Short descriptive text snippets
'''

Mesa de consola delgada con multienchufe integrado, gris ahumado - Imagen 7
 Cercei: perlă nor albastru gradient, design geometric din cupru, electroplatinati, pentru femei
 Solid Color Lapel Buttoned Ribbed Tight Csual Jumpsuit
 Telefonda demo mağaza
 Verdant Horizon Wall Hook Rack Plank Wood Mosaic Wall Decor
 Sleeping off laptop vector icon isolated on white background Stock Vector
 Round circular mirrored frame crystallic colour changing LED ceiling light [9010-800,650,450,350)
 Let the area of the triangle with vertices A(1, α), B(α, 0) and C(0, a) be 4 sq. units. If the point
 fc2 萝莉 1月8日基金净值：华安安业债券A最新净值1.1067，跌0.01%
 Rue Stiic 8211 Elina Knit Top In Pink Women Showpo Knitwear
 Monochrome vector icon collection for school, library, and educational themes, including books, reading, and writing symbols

'''

# EXERCISE DIRECTIONS
Copy every line of the data above in which the string "vector" appears.

# ANSWER
 Sleeping off laptop vector icon isolated on white background Stock Vector
 Monochrome vector icon collection for school, library, and educational themes, including books, reading, and writing symbols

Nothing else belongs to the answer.